El medio metro de papel de un reporte de análisis externo sobre la operación del instituto (que al parecer no leyeron los legisladores) es otro ejemplo de opacidad y comportamiento errático: desde el criterio de asignación de un cuantioso contrato (por arriba de otras propuestas), pasando por su calificación reservada por el instituto al conocer su contenido, y posteriormente por su difusión. Todo se encuentra alejado de criterios racionales de decisión y no hay respuestas claras al respecto. Ni las habrá.
 La fiscalización de recursos púbicos que administran los partidos puede entrar en esta caracterización cuando sus procedimientos, aun suponiendo la buena fe de cada investigación, raya en linderos ilegales en el uso de la información confidencial de la que dispone la institución (por ejemplo, el procedimiento comprende solicitar datos del Registro Electoral cuando su consulta no se autoriza por el Cofipe).
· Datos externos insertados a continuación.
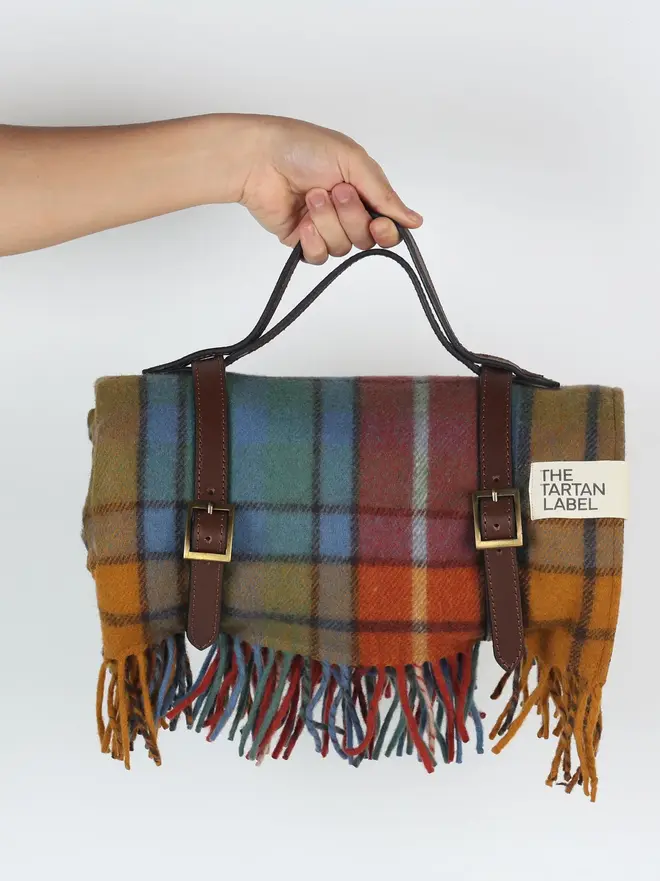Buchanan Antique Picnic Blanket, a person holding a colourful picnic blanket against a white backdrop.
Y tratándose de manejo de datos personales, así como la administración y control eficaz del contenido de las bases de datos del Registro Electoral, el instituto muestra una conducta errática o confusa, en el mejor de los casos.
 No se puede ignorar el escándalo reiterado al que nos estamos habituando sobre el tráfico de datos personales cuyo origen se presume en el padrón electoral (como el servidor europeo de internet evidenciado el mes pasado, que provee dicha información). Ofrecer apoyo a una investigación de probables delitos sin realizar una propia e integral sobre la administración y control de los datos personales bajo resguardo del IFE, no ayuda al esclarecimiento del caso, genera dudas y, peor aún, suspicacias.
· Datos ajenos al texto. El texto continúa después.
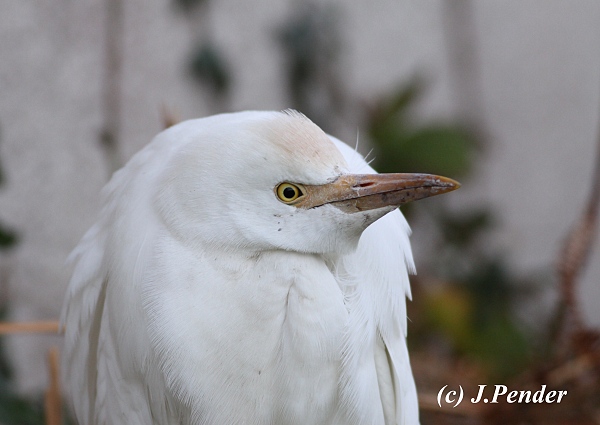 Cattle Egret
 Las dudas provienen de las acusaciones mutuas entre partidos e instituto sobre la falta de control a la información ciudadana a la que tienen acceso con motivo de las atribuciones que les da la ley en materia de registro y padrón electoral, ya que sus controles son poco claros o inexistentes. Las suspicacias radican en otros aspectos que involucran temas del registro, padrón y credencial para votar: cuantiosos recursos presupuestales (poco más de 2 mil millones de pesos anuales en promedio) y atribuciones legales en disputa sobre la llamada cédula de identidad.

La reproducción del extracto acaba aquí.